How should priorities be assigned given hard real-time constraints? We’ll assume each device has a service deadline D after the arrival of its service request.

If not otherwise specified, assume D is the time until the *next* request for the same device. This is a reasonably conservative assumption that prevents the system from falling further and further behind. For example, it makes sense that the keyboard handler should finish processing one character before the next arrives.

“Earliest Deadline” is a strategy for assigning priorities that is guaranteed to meet the deadlines if any priority assignment can meet the deadlines. It’s very simple: Sort the requests by their deadlines. Assign the highest priority to the earliest deadline, second priority to the next deadline, and so on. A weak priority system will choose the pending request with the highest priority, i.e., the request that has the earliest deadline.

Earliest Deadline has an intuitive appeal. Imagine standing in a long security line at the airport. It would make sense to prioritize the processing of passengers who have the earliest flights assuming that there’s enough time to process everyone before their flight leaves. Processing 10 people whose flights leave in 30 minutes before someone whose flight leaves in 5 min will cause that last person to miss their flight. But if that person is processed first, the other passengers may be slightly delayed but everyone will make their flight. This is the sort of scheduling problem that Earliest Deadline and a weak priority system can solve.
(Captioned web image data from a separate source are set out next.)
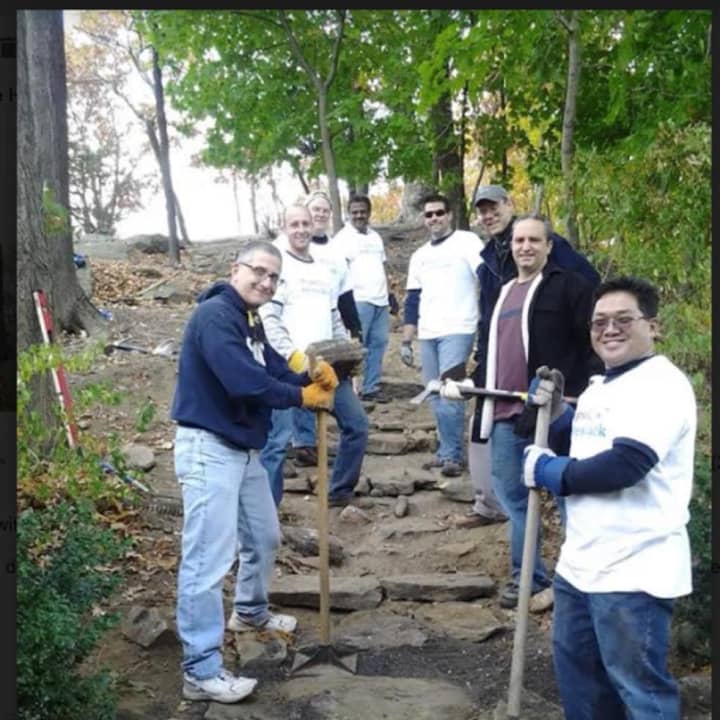 Volunteers working on a trail project at Tarrywile Park &amp; Mansion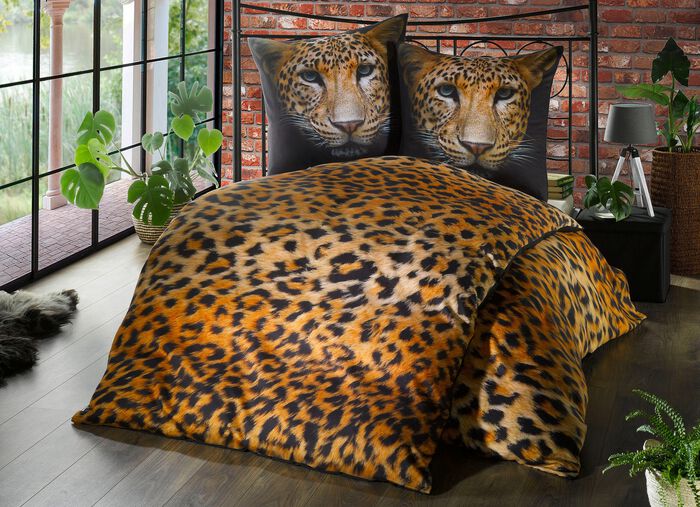 Bettw&auml;sche-Garnitur mit detailgetreuen Motiv 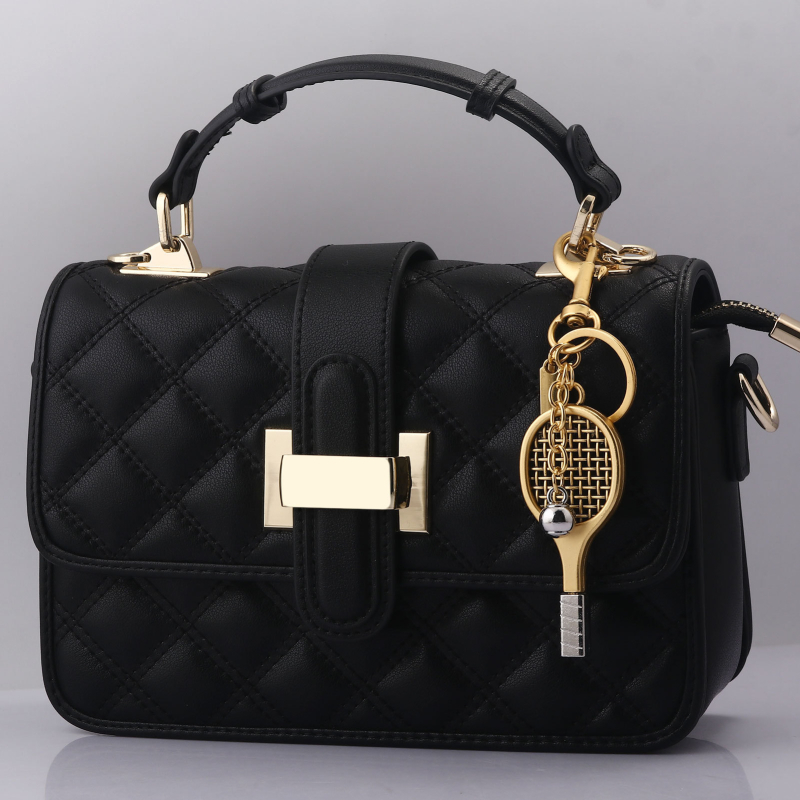 Pandantiv breloc din aliaj, în formă de rachetă de tenis – N-BG00290, Stil INS, charm pentru cheia mașinii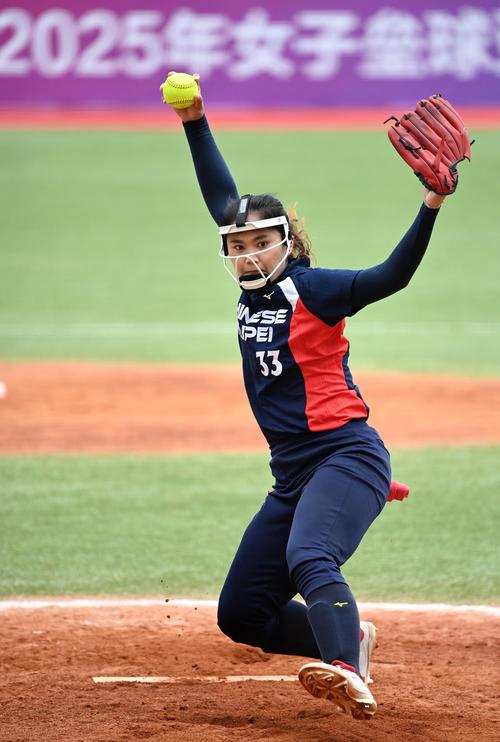 篮球火箭球员赛前训练亮眼（火箭队球员赛前训练表现抢眼）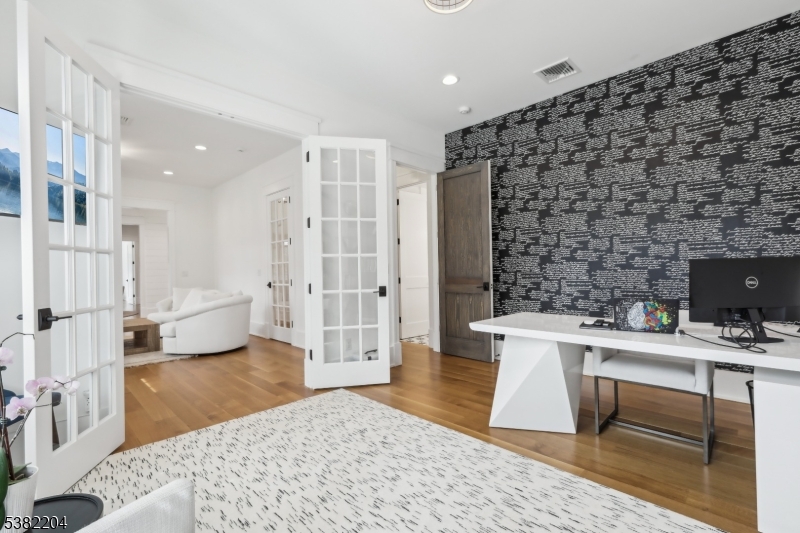 New Vernon - Residential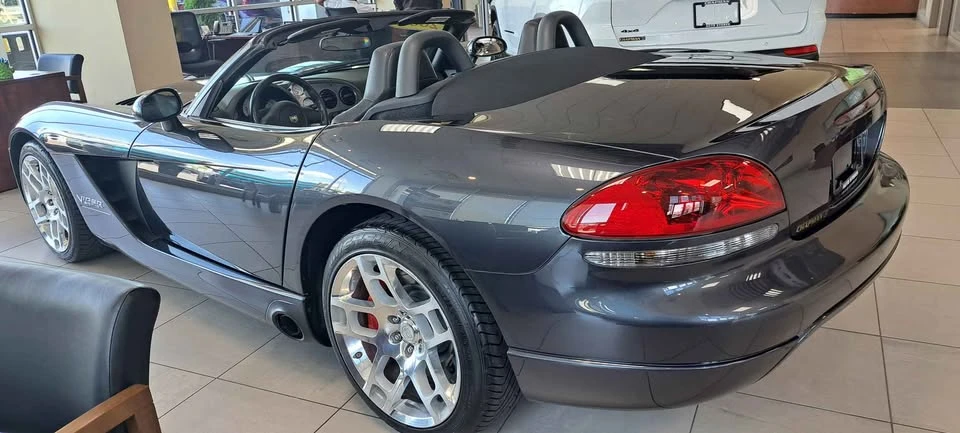 2006 Dodge Viper 3rd Gen - Image 3 of 16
It’s outside the scope of our discussion, but it’s interesting to think about what should happen if some flights are going to be missed. If the system is overloaded, prioritizing by earliest deadline may mean that everyone will miss their flights! In this scenario it might be better to assign priorities to minimize the total number of missed flights. This gets complicated in a hurry since the assignment of priorities now depends on exactly what requests are pending and how long it will take them to be serviced. An intriguing problem to think about!


In a weak priority system the currently-running task will always run to completion before considering what to run next. This means the worst-case latency for a device always includes the worst-case service time across all the other devices, i.e., the maximum time we have to wait for the currently-running task to complete.

If there’s a long-running task that usually means it will be impossible to meet tight deadlines for other tasks. For example, suppose disk requests have a 800 us deadline in order to guarantee the best throughput from the disk subsystem. Since the disk handler service time is 500 us, the maximum allowable latency between a disk request and starting to execute the disk service routine is 300 us.

Oops! The weak priority scheme can only guarantee a maximum latency of 800 us, not nearly fast enough to meet the disk deadline. We can’t meet the disk deadline using weak priorities.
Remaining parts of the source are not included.